Additionally, Tangshan claims Chen has allowed the properties to deteriorate and cited $50,000 worth in penalties on city code citations.
“Chen has damaged the reputation of Mapuche and has caused a loss of confidence in Mapuche’s ability to complete the mall project,” states the complaint. “Chen has either not maintained adequate books and records for Mapuche or is in the process of disappearing or destroying the existing books and records such that it will be impossible to trace the inflow and outflow of monies to the company.” No police report has been filed, Rodriguez-Taseff said.
The mall once anchored by Lord & Taylor and Macy’s opened in 1988. The Macy’s remained open until 2006 when Hurricane Wilma caused significant damage. The mall officially closed the following year.

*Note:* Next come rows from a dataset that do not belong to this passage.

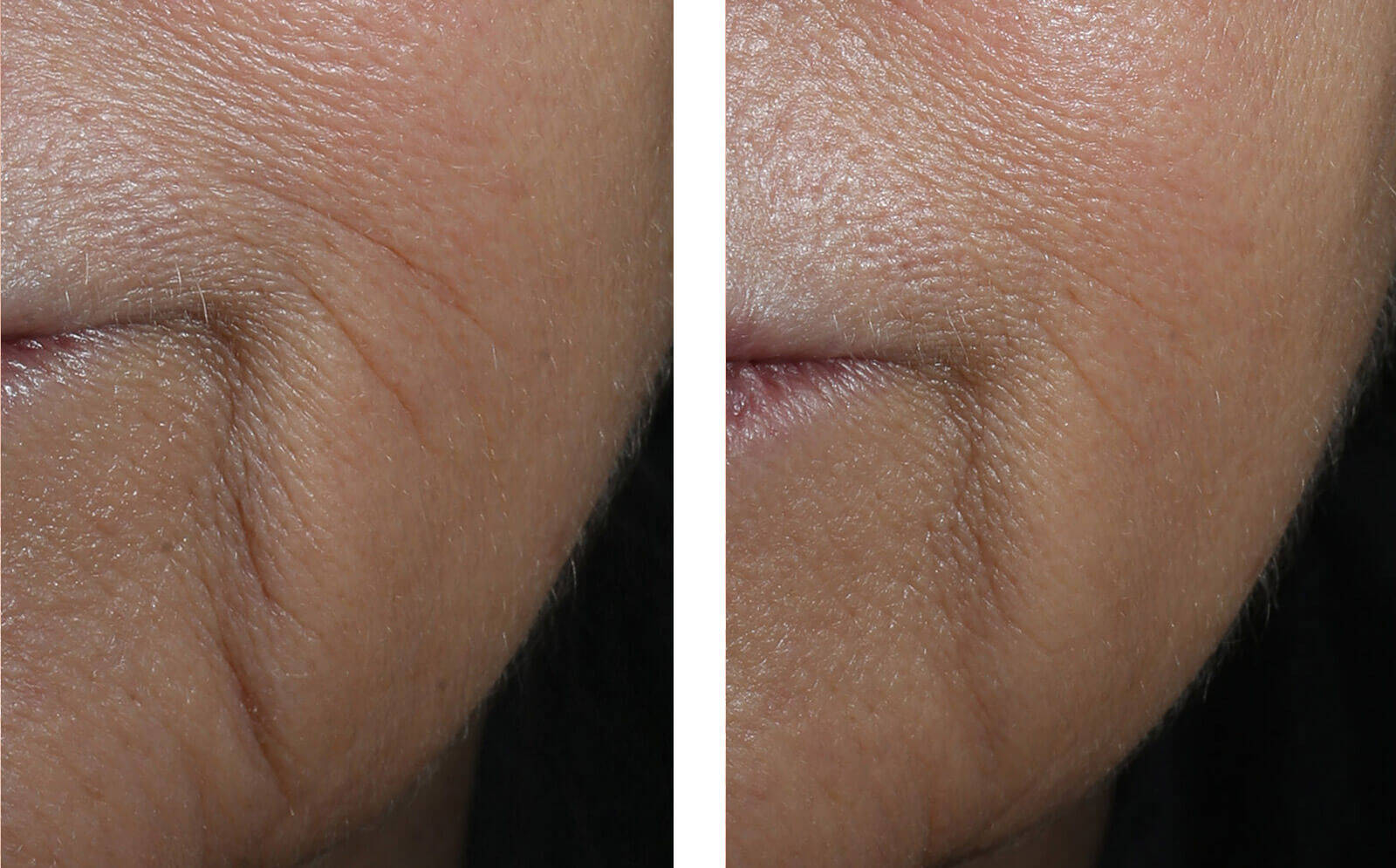 SkinBetter Science® InterFuse® Intensive Treatment LINES
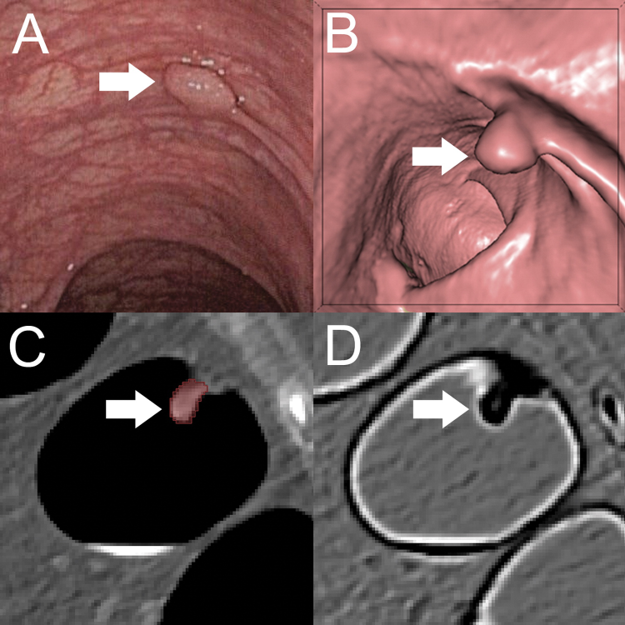 _System_X_'s tweet image. "Selon une étude publiée dans la revue Radiology, un #algorithme de deep learning permet de différencier avec précision les polypes colorectaux bénins et prémalins sur les coloscopies virtuelles par #scanner." - Thema Radiology

En savoir plus ⏩ bit.ly/3pX1pHA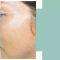 Procedure laser in dermatologia estetica 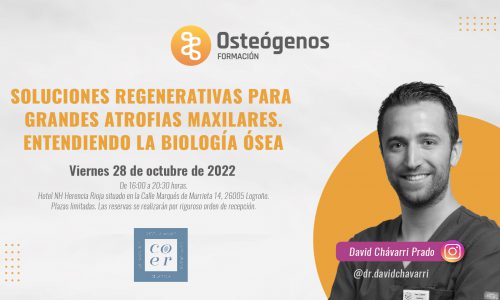 Soluciones regenerativas para grandes atrofias maxilares | 28 de Octubre en Logroño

In 2007, Mapuche and its holding company, US Capital Holdings Group, announced plans to redevelop the mall. The plan calls for most of the mall to be demolished, and stores to be added facing University Drive. However, the recession, multiple foreclosures and other legal problems stalled the project.
Construction crews finally began work in January on a $10 million plan to upgrade an office tower on the site into Class A space.
Limited construction work is continuing, said Rodriguez-Taseff. However, the project cannot be completed unless the Chinese owner produces more cash.
“The only way this project succeeds as planned is if we take it over and put the needed cash into it for the benefit of the community,” she said.